Aim of the task
Begin at the line containing "Holiday Inn Express" in the entries below and end at the line containing "Audi Q7 2020"; transcribe that range exactly and nothing outside it.

Data for this exercise

+++

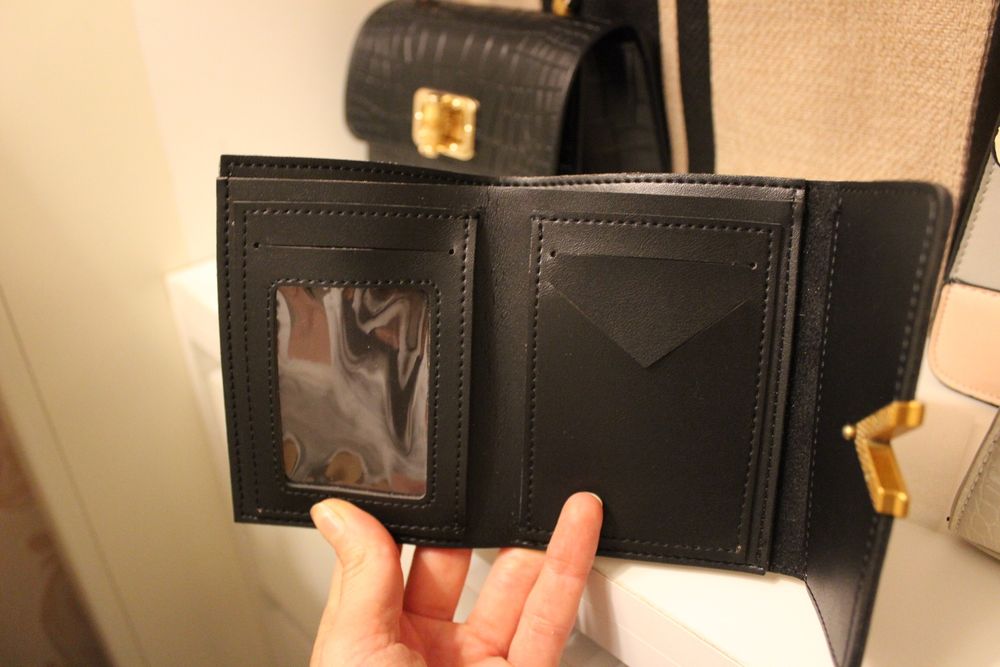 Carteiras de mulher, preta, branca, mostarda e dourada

+++

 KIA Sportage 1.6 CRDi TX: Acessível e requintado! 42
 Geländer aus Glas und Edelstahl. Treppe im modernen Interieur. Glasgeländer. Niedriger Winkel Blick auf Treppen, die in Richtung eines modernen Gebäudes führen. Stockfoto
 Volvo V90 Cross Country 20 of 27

+++

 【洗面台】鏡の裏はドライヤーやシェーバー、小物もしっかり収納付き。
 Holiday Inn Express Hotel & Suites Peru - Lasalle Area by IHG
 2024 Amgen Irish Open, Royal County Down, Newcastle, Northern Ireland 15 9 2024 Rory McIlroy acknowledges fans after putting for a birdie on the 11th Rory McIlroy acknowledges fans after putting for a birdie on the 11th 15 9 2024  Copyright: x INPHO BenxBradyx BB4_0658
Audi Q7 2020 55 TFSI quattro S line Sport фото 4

+++

Solution to this exercise
 Holiday Inn Express Hotel & Suites Peru - Lasalle Area by IHG
 2024 Amgen Irish Open, Royal County Down, Newcastle, Northern Ireland 15 9 2024 Rory McIlroy acknowledges fans after putting for a birdie on the 11th Rory McIlroy acknowledges fans after putting for a birdie on the 11th 15 9 2024  Copyright: x INPHO BenxBradyx BB4_0658
Audi Q7 2020 55 TFSI quattro S line Sport фото 4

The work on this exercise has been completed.